Ajoutons ceci: remplacer le père était facile, l’enfant n’en avait plus; il était orphelin; son père était mort, sa mère était morte; il n’avait pour veiller sur lui qu’une grand’mère aveugle et un grand-oncle absent. La grand’mère mourut; le grand-oncle, chef de la famille, homme d’épée et de grande seigneurie, pourvu de charges à la cour, fuyait le vieux donjon de famille, vivait à Versailles, allait aux armées, et laissait l’orphelin seul dans le château solitaire. Le précepteur était donc le maître, dans toute l’acception du mot.

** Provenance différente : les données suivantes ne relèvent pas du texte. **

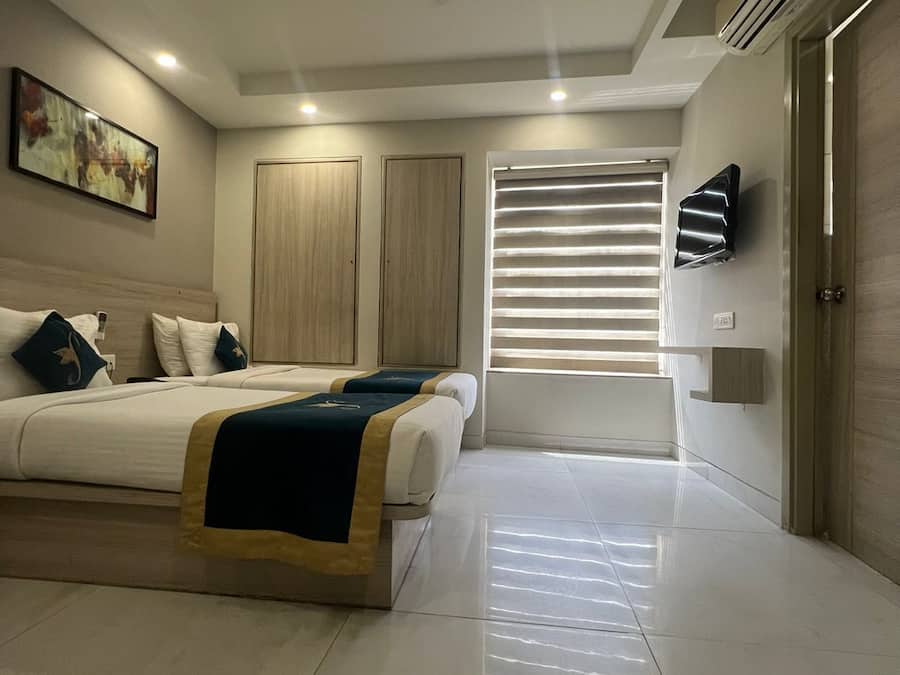 Dobbelt- eller tomannsrom – deluxe | 1 soverom, skrivebord og ekstrasenger (mot et tillegg)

Ajoutons ceci encore: Cimourdain avait vu naître l’enfant qui avait été son élève. L’enfant, orphelin tout petit, avait eu une maladie grave. Cimourdain, en ce danger de mort, l’avait veillé jour et nuit; c’est le médecin qui soigne, c’est le garde-malade qui sauve, et Cimourdain avait sauvé l’enfant. Non seulement son élève lui avait dû l’éducation, l’instruction, la science; mais il lui avait dû la convalescence et la santé; non seulement son élève lui devait de penser; mais il lui devait de vivre. Ceux qui nous doivent tout, on les adore; Cimourdain adorait cet enfant.

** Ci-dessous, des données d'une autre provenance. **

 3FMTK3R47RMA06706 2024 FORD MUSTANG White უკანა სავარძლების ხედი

L’écart naturel de la vie s’était fait. L’éducation finie, Cimourdain avait dû quitter l’enfant devenu jeune homme. Avec quelle froide et inconsciente cruauté ces séparations-là se font! Comme les familles congédient tranquillement le précepteur qui laisse sa pensée dans un enfant, et la nourrice qui y laisse ses entrailles! Cimourdain, payé et mis dehors, était sorti du monde d’en haut et rentré dans le monde d’en bas; la cloison entre les grands et les petits s’était refermée; le jeune seigneur, officier de naissance et fait d’emblée capitaine, était parti pour une garnison quelconque; l’humble précepteur, déjà au fond de son cœur prêtre insoumis, s’était hâté de redescendre dans cet obscur rez-de-chaussée de l’Église, qu’on appelait le bas clergé; et Cimourdain avait perdu de vue son élève.
La Révolution était venue; le souvenir de cet être dont il avait fait un homme, avait continué de couver en lui, caché, mais non éteint, par l’immensité des choses publiques.
Modeler une statue et lui donner la vie, c’est beau; modeler une intelligence et lui donner la vérité, c’est plus beau encore. Cimourdain était le Pygmalion d’une âme.
Un esprit peut avoir un enfant.
Cet élève, cet enfant, cet orphelin, était le seul être qu’il aimât sur la terre.
Mais, même dans une telle affection, un tel homme était-il vulnérable?
On va le voir.
LIVRE II. LE CABARET DE LA RUE DU PAON
I MINOS, ÉAQUE ET RHADAMANTE
Il y avait rue du Paon un cabaret qu’on appelait café. Ce café avait une arrière-chambre, aujourd’hui historique. C’était là que se rencontraient parfois à peu près secrètement des hommes tellement puissants et tellement surveillés qu’ils hésitaient à se parler en public. C’était là qu’avait été échangé, le 23 octobre 1792, un baiser fameux entre la Montagne et la Gironde. C ’était là que Garat, bien qu’il n’en convienne pas dans ses Mémoires, était venu aux renseignements dans cette nuit lugubre où, après avoir mis Clavière en sûreté rue de Beaune, il arrêta sa voiture sur le Pont-Royal pour écouter le tocsin.